William Charles Tidnam

18 August 2015 by SWM

W. C. Tidnam
Service no. 227258
Able Seaman, Royal Navy, H.M.S. “Vanguard”
Died on 9 July 1917, aged 30
CWGC: “Son of William Tidnam, of Harleston, Norfolk; husband of Kathleen Mary Tidnam, of 2 Burnley Road, Stockwell, London.”
Remembered at Chatham Naval Memorial and on the war shrine at St Michael’s Church, Stockwell Park Road, London SW9 0DA

Information from the parish register

On 11 December 1916, William Charles Tidnam married Kathleen Mary Roberts at St. Michael’s Church, Stockwell. Kathleen’s address was 15 St. Martin’s Road, Stockwell. She gave her father’s occupation as carpenter and joiner. William gave his father’s as coachman.

Information from the censuses and other sources

In 1911 William Charles Tidnam, 23, was staying at the Union Jack club in Waterloo Road, Lambeth. He was listed as a  “Navy able seaman” from Reddenham, Norfolk. In 1901 he was a 14-year-old errand boy, living at “Mendham Lane, Redenhall With Harleston” in Norfolk. His 45-year-old father, also called William, was a “groom (domestic)”; his mother, Emma Tidnam, 44, was born at Reddenham. Besides William the couple’s children included
Ellen Tidnam, 11
Alice Tidnam, 10
Percy Tidnam, 7
Fred Tidnam and Herbert Tidnam, 5
Winifred Tidnam, 11 months
Ernest Singleton, a 22-year-old Irish-born “motor car driver”, boarded with the family.

Filed Under: Chatham Naval Memorial, St Michael's War Shrine, Stockwell War Memorial, T names Tagged With: 1917, age 30, Died, naval

Oscar Albert Taylor

18 August 2015 by SWM

Family group photographed in the garden of 41 Landor Road, Stockwell, where the family lived.
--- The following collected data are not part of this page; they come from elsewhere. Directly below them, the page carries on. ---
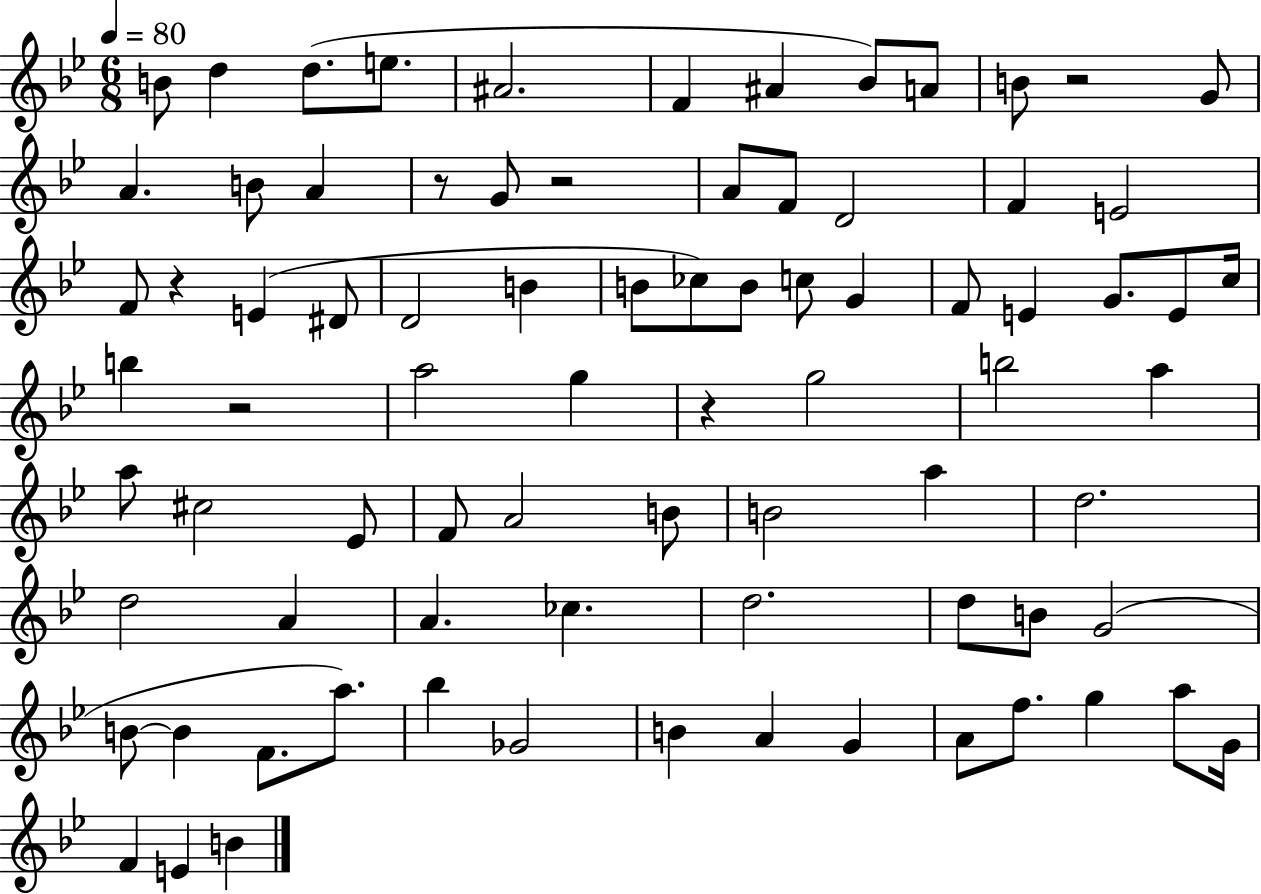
X:1
T:Untitled
M:6/8
L:1/4
K:Bb
B/2 d d/2 e/2 ^A2 F ^A _B/2 A/2 B/2 z2 G/2 A B/2 A z/2 G/2 z2 A/2 F/2 D2 F E2 F/2 z E ^D/2 D2 B B/2 _c/2 B/2 c/2 G F/2 E G/2 E/2 c/4 b z2 a2 g z g2 b2 a a/2 ^c2 _E/2 F/2 A2 B/2 B2 a d2 d2 A A _c d2 d/2 B/2 G2 B/2 B F/2 a/2 _b _G2 B A G A/2 f/2 g a/2 G/4 F E B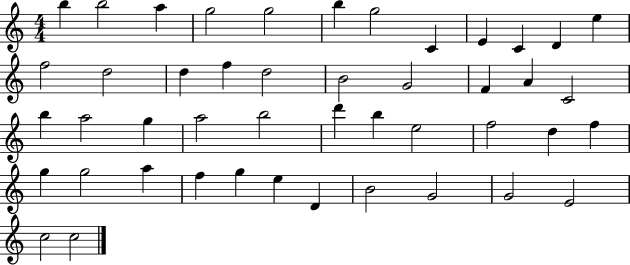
X:1
T:Untitled
M:4/4
L:1/4
K:C
b b2 a g2 g2 b g2 C E C D e f2 d2 d f d2 B2 G2 F A C2 b a2 g a2 b2 d' b e2 f2 d f g g2 a f g e D B2 G2 G2 E2 c2 c2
Back row, left to right: Mabel, Oscar, Henry and Eric. Seated in front: Alf and Rose. Approximate date 1911. (Photo courtesy of Sarah Mackay)
Family group photographed in the garden of 41 Landor Road, Stockwell, where the family lived. Back row, left to right: Mabel, Oscar, Henry and Eric. Seated in front: Alf and Rose. Approximate date 1911. Photo courtesy of Sarah Mackay

O. A. Taylor
Service no 397794
Rifleman, London Regiment (Queen Victoria’s Rifles), 2nd/9th Battalion
Killed in action on 27 September 1917, aged about 28
Remembered at Tyne Cot Memorial, Belgium

Information from the censuses

In 1911, Lambeth-born 22-year-old clerk Oscar Albert Taylor lived at 41 Landor Road, Stockwell with his parents, Albert WIliam Taylor, 52, a joiner from Hockering, Norfolk, and Rose Taylor, 47, from Hackney. There were four surviving children (of six): Mabel Maud Taylor, 26, a milliner; Eric William Taylor, 24, a joiner; Oscar; Henry Oswald Taylor, 18, a clerical assistant. Albert’s father William Taylor, 79, a widowed retired gamekeeper from Hockering, lived with the family as did Maud Mary Gladman, 29, a single shop assistant from Brighton. The household had six rooms, and the family had lived at that address since at least 1901.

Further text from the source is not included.